Abrahams' piece was lazy, ill thought out and a bit of a rant. I couldn't work out where it was coming from really, a sense of bafflement felt by most the people who responded to it aswell.

Finally, I'm glad you brought up Sam's column as I've been meaning to write to you about it for a while. Frankly, there is no place for that kind of nonsense in a serious architectural magazine!

Anonymous said...

Sorry I've come late to this. I just read the article which has so incensed you FJ and to be fair, it doesn't sounds as if this guy Abraham hates blogs... he just doesn't like yours and the other ones he mentions.

I think bloggers need to be a little tougher when it comes to criticism. if someone disagrees with you in print, they aren't always disagreeing with the whole idea of blogging. they may just be disagreeing with what you are saying.

I mean as Keran_Long kind of says above you can separate how the argument is delivered from what it contains. I like your blog and I disagree with Abraham but lets have some confidence in what we are doing here.

Charles Holland said...


Well, I think incensed is putting it a bit strong! I took issue with Abraham's article but as this blog was named specifically it seemed reasonable to answer the criticism.

Abrahams (if i can recall the argument properly - its been a while) criticised both this blog and blogs in general I thought (although I agree he conceeded to liking some other blogs).

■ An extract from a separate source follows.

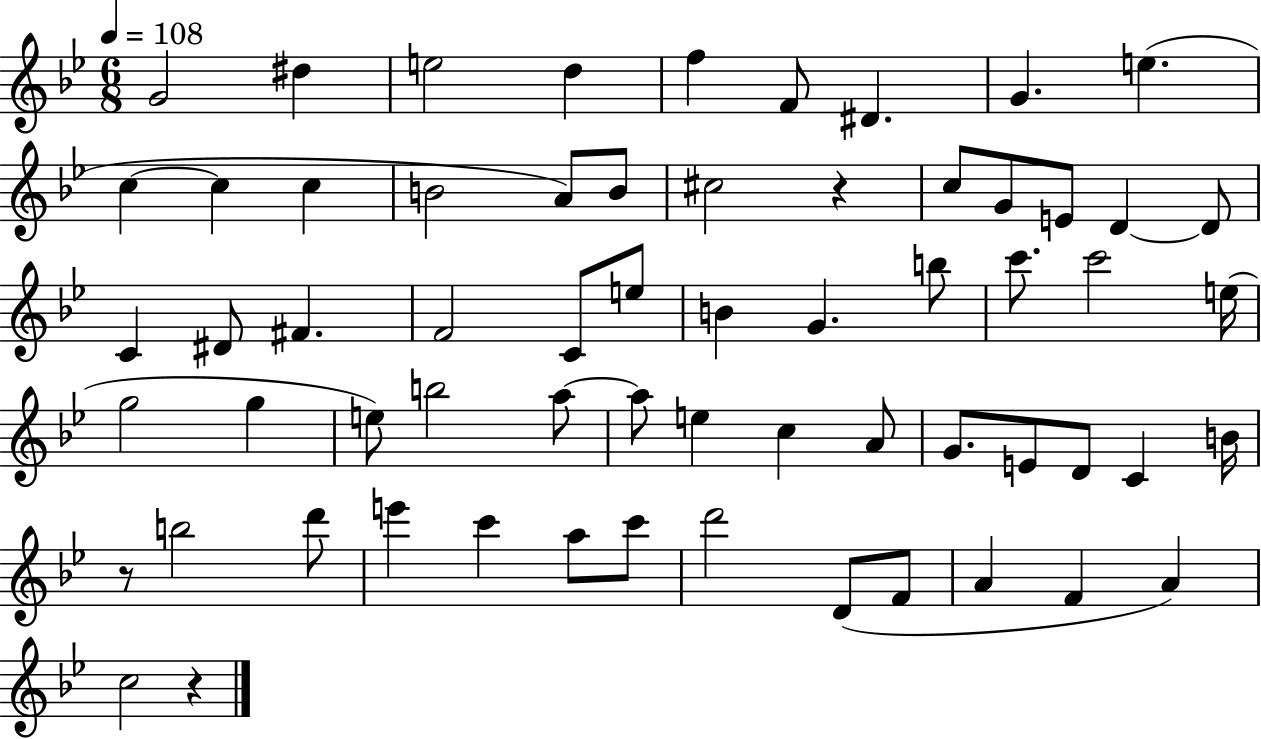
G4/h D#5/q E5/h D5/q F5/q F4/e D#4/q. G4/q. E5/q. C5/q C5/q C5/q B4/h A4/e B4/e C#5/h R/q C5/e G4/e E4/e D4/q D4/e C4/q D#4/e F#4/q. F4/h C4/e E5/e B4/q G4/q. B5/e C6/e. C6/h E5/s G5/h G5/q E5/e B5/h A5/e A5/e E5/q C5/q A4/e G4/e. E4/e D4/e C4/q B4/s R/e B5/h D6/e E6/q C6/q A5/e C6/e D6/h D4/e F4/e A4/q F4/q A4/q C5/h R/q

He would deny this but it sounded though he was suspicious of the levelling out of criticism that blogs collectively bring into being as well as the particular content of specific ones, mine included.

I was trying to disagree with his general critique which i found suspicious of new media in general and borderline reactionary whilst defending the specific content and approach of my own. Not unreasonable I thought. Anyway, I don't want to go over the reasons again. They're all there above.

But glad you like FJ too and appreciate your comments.